The key to success is never to give up!

Yesterday I gave a science workshop to my younger group of kids: 6 – 9 year olds. I am typically a high school teacher, but this school year I am trying a different thing: workshops for homeschooled kids. And yesterday was one of those workshops.

I have a really great group of 6 to 9 year olds. At first it was challenging to understand really how small these kids are, how little they know about the world, how easy it is to surprise them with the simplest science experiment. I taught kids, but never this young before. I had to revamp my whole way of thinking about the class, about the kids, about science!

Yesterday was no exception.

I decided to teach them about structures, how the rectangle is very useful, but not a very stable structure. How the triangle is so much better, so much stronger, and how we can make a rectangle into a stable structure by creating a support, transforming it into triangles. Easy concept, lots of applications, great!

In order to demonstrate this concept further, I thought we would build some 3-D structures out of Spaghetti and Marshmallows. This was supposed to be awesome fun, and I thought it would help the kids really understand this concept. I have never tried this before, but “how hard could it be” I thought.

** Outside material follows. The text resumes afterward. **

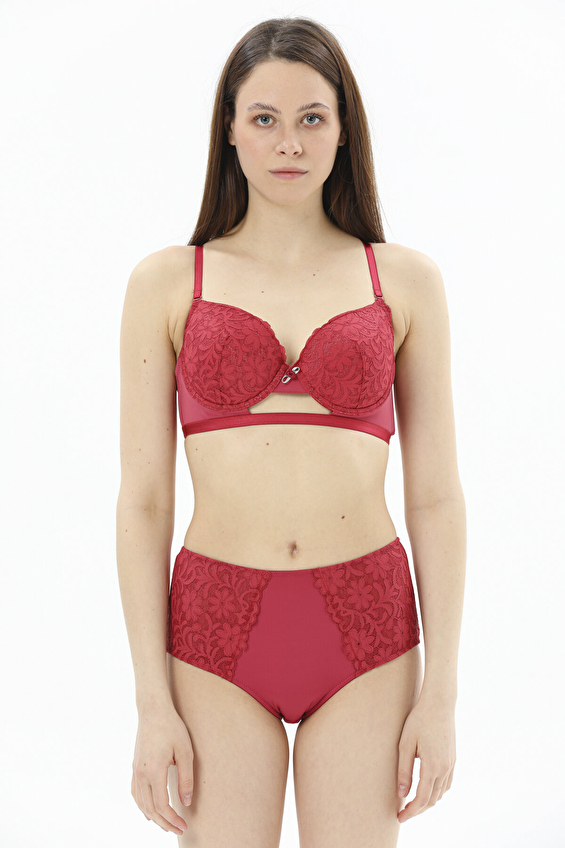 Shefame Yüksek Bel Balenli Desteksiz Kadın Sütyen Takımı 4159KK Bordo Shefame Yüksek Bel Balenli Desteksiz Kadın Sütyen Takımı 4159KK Bordo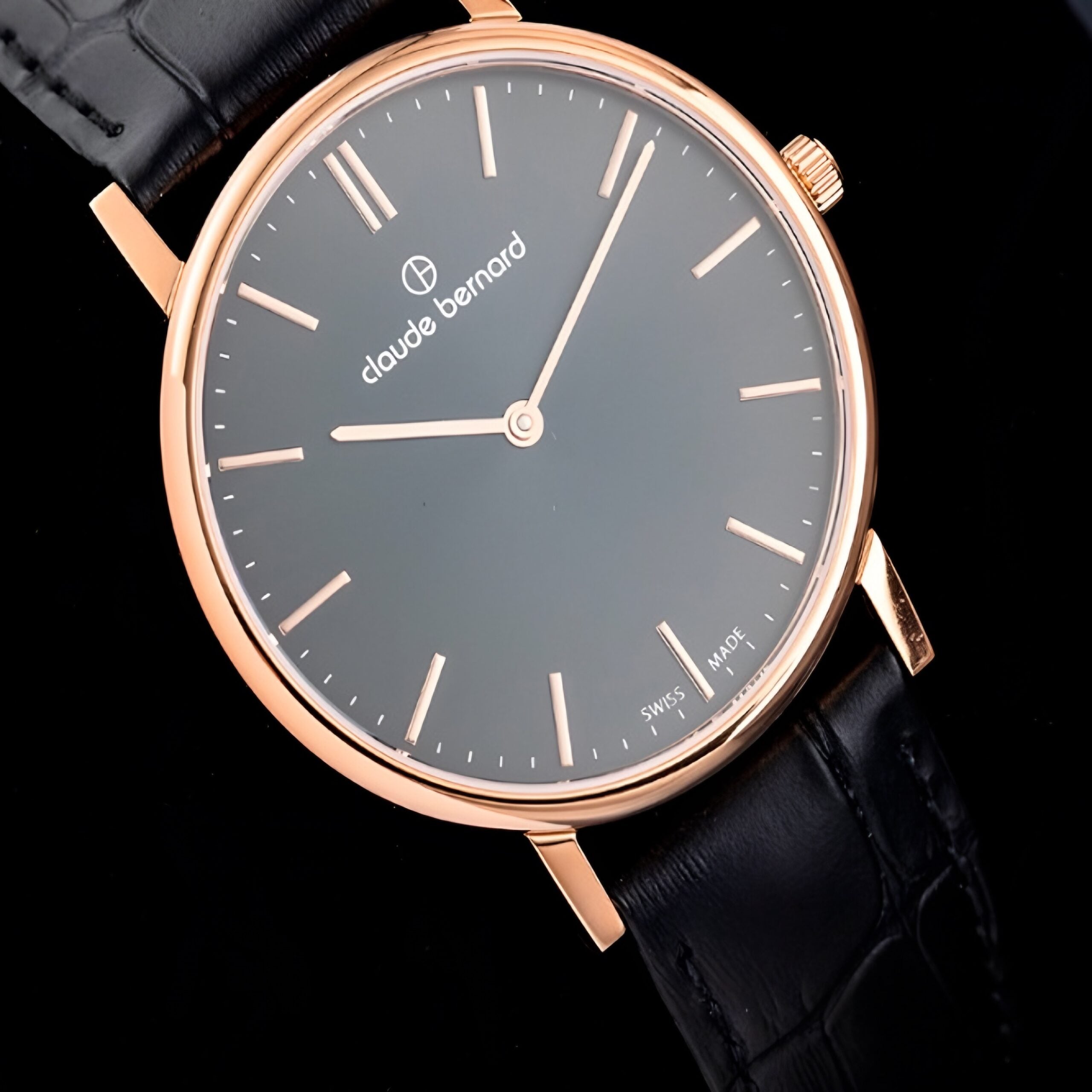 Reloj Claude Bernard Slim Line 39mm Hombre Negro 20214.37RNIR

Well, let me tell you: it was hard! The younger kids especially had a hard time with their dexterity, and needed a lot of help from me. One child didn’t quite get that we were building in three dimensions. Another just asked me to help him all the time (do it for him), and then when I left to help other kids, he accidently broke his structure. After fooling around a bit, he found a cool way of attaching the marshmallows to the spaghetti, and really wanted to show me. Another child got really really frustrated and after building an awesome structure, destroyed it and almost started crying. However, I convinced him to start again, with shorter pieces of spaghetti. This worked well, unfortunately, there was not enough time for him to complete his tower – this was another source of his frustration.

The older kids wanted to build large structures, but didn’t plan ahead. Initially they thought that their structures were the best, and boasted that for everybody to hear. After adding more complexity to their towers, some of the structures broke. These kids however seemed to learn from their mistakes, and didn’t give up quite as easily. They just continued building even without my insistence.

I don’t know if I would do this activity with such young students again. Probably 9 year olds are the youngest I would go for the “Spaghetti and Marshmallow Tower” project. For younger kids, I would definitely change it up a bit. Make them first follow a step by step procedure… following my lead. Then, after the initial practice, I might let them go free and try to build something on their own. Also, an hour was just not enough. This is at least a two hour project. Time restrictions just added to the frustration.

On a positive note, today I got an email from the young frustrated child’s mother. She sent me pictures of her son’s spaghetti and marshmallow “stable structures”. Supposedly, the child woke up really early today and decided to try again. The frustrated kid overcame his frustration and tackled the project again: He build some awesome structures. He didn’t give up, just had a bit of a temporary melt down. What an inspiration to all of us. Just try and try again! Never give up! Overcome your emotions, and then try again – until you succeed.